How to complete this task: Print nothing but the lines below starting at the line that holds "Liceum – wykładzina" and ending at the line that holds "Apartment in Eixample, Barcelona, Spain", including both, each exactly as written.

------

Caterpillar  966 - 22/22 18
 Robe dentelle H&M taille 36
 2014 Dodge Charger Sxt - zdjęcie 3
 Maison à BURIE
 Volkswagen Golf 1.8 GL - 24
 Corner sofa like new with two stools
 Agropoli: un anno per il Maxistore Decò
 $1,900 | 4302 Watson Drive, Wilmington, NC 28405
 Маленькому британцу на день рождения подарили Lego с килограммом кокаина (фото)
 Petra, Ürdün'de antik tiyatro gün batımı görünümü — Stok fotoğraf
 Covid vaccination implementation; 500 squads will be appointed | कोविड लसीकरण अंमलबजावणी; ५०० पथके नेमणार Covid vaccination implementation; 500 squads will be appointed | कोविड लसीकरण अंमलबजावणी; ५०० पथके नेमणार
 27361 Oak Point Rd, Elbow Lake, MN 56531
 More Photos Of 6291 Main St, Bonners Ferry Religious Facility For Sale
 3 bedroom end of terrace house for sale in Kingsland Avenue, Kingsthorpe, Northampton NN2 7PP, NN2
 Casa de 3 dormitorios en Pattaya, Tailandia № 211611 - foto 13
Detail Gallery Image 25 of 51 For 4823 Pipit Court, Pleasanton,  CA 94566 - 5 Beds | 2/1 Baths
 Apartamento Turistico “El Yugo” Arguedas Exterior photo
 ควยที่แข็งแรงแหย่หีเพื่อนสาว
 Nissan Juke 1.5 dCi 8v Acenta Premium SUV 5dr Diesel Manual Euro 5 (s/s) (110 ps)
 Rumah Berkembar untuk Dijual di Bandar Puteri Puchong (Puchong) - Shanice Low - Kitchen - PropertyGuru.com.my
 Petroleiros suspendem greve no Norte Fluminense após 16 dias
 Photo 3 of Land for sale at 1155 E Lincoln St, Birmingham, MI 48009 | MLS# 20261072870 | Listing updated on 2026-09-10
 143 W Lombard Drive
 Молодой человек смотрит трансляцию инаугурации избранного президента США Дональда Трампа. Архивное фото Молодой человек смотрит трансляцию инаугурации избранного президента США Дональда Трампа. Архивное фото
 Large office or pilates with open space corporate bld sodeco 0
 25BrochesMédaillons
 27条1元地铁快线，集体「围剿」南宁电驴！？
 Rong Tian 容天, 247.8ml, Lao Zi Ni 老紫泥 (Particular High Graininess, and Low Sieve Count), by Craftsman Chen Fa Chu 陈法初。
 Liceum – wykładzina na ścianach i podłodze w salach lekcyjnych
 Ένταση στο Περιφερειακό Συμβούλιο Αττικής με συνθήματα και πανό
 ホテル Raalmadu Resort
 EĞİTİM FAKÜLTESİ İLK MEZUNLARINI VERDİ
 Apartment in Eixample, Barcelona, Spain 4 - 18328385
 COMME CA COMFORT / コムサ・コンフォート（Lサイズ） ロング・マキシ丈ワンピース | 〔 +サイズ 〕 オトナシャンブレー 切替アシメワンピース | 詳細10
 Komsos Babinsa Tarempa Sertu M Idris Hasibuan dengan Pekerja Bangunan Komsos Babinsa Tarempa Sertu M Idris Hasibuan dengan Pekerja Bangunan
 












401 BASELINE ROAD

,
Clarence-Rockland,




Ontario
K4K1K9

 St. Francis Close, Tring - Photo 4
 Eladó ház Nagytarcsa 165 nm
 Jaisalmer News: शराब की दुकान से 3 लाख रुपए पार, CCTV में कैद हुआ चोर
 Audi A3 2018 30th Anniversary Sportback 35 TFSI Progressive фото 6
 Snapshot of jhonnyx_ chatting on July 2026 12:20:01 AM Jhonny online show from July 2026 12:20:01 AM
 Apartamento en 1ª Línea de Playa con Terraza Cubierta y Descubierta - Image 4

------

Answer for the task:
 Liceum – wykładzina na ścianach i podłodze w salach lekcyjnych
 Ένταση στο Περιφερειακό Συμβούλιο Αττικής με συνθήματα και πανό
 ホテル Raalmadu Resort
 EĞİTİM FAKÜLTESİ İLK MEZUNLARINI VERDİ
 Apartment in Eixample, Barcelona, Spain 4 - 18328385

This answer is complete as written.